Si el 18 de octubre de 2019 partió bajo la consigna «No son 30 pesos sino que 30 años» y con ello una revuelta con características de revolución que nadie, ni los opinólogos, ni «ilustradísimos» analistas y menos la mal llamada clase política, visualizó porque este grupo de «notables» solo viendo una parte de la realidad -la que más les acomodaba- desde su zona de confort, les impidió ver lo que estaba hirviedo en una parte de la sociedad más allá de las ideologías, las supuestas intervenciones de «comandos» ultra preparados de Cuba, Venezuela, Irán y de cuanto país se les ocurriera a estos «pensadores» de los círculos de poder, lo cierto -en parte- es que el estallido partió justamente porque se arrastraba y se sigue arrastrando la desconfianza en una casta política que ha usado y abusado de ese poder, que cayó en las garras de la corrupción donde negocios&política son incompatibles pero se hace vista gorda, donde el narco comenzó carcomer las bases, donde la educación está en crisis desde la mentada reforma que lideró la reina de los amarillos doña Mariana, y así suma y sigue, y no se puede olvidar a los juveniles líderes estudiantiles que en ese momento eran parlamentarios y hoy ministros del Estado, apoyaban esta neorevolución chilena.
Han pasado tres años, con dos de pandemia y las cicatrices -en la forma- se dejan ver en la ciudad y principalmente en el caso histórico de Santiago que se muestra raído, sucio, malholiente -como valparaíso- incluso comparable a sectores la miserable capital de Haití, así de decadente está Santiago de Chile, que a pocos metros del Palacio -que de Palacio en su concepto real no tiene mucho hay que decirlo- de La Moneda, cohabitan indigente -perdón, gente en situación de calle-, las calles y paseos peatonales con tiendas una al lado de otra hoy en su gran mayoría están en arriendo hace meses e incluso años, las talladas puertas de madera de la decena de iglesias del centro y otros edificios siguen cubiertos con latones para evitar ser quemadas como ocurrió en muchos templos y edificios -para los manifestantes- símbolos del poder y del «sistema», así el centro de Santiago es una ruinosa muestra del 18-O de 2019 y cuyo símbolo es lo que fue el orgullo de la capital la Plaza Baquedano que se transformó en la «bastilla» chilena y que obligó al Ejército a retirar los restos del monumento al héroe de la Guerra del Pacífico, una derrota moral para la institución castrense que no fue capaz de sostener un monumento cuyo significado de su caída tendrá profundas repercusiones en el mediano plazo.

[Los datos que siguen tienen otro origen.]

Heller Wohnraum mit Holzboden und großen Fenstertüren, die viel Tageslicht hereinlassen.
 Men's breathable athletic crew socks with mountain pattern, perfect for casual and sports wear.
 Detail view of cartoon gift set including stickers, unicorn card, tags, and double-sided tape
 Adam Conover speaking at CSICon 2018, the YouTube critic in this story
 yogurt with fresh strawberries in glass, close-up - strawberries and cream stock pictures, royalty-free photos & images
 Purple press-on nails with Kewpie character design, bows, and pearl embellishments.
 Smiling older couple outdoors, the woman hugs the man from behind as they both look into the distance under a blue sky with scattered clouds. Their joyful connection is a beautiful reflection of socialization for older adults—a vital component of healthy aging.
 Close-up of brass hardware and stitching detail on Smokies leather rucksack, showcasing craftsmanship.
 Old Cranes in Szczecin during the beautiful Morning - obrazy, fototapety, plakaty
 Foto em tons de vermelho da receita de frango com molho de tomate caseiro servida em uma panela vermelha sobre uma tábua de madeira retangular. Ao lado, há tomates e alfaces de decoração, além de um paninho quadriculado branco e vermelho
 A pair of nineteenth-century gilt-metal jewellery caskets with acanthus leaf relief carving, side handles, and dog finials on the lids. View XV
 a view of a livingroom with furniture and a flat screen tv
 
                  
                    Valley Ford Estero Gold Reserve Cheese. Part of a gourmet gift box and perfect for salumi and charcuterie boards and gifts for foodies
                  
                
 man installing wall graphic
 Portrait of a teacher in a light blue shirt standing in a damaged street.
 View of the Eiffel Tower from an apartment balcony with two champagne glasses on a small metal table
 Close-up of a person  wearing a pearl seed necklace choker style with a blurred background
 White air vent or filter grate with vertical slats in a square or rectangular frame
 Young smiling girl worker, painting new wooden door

En este contexto cabe destacar cómo el presidente de la Nación de la época, Sebastián Piñera, en pleno estallido, desafío a todos tomándose una foto posada en el icono de la revuelta el 3 de abril de 2020: La Plaza Baquedano que le valió la crítica más dura de parte del rector de la UDP, Carlos Peña “Un hecho rocambolesco, estúpido…”, Piñera tuiteó ese día: «Hoy, regresando a mi casa, pasé por Plaza Baquedano, me bajé un par de minutos a saludar a un grupo de Carabineros y Militares que ayudaban a dirigir el tránsito, me saqué una foto y continué mi camino. Lamento si esta acción pudo malinterpretarse».
Pero además de desaparecer el monumento a Baquedano, han y siguen desapareciendo locales comerciales y oficinas de abogados y bancos han comenzado a mudarse a la zona oriente de la Capital que está siendo repoblada por inmigrantes, cadenas de ópticas, tiendas de comidas y accesorios para mascotas, salones de belleza express, y tiendas chinas. En el pasado y bien pasado han quedado tiendas como Gucci, Hermes, salones de té, así que no le extrañe que en un futuro cercano trasladen La Moneda a la «cota mil» y la casa de gobierno sea transformada en algún baratillo departamental.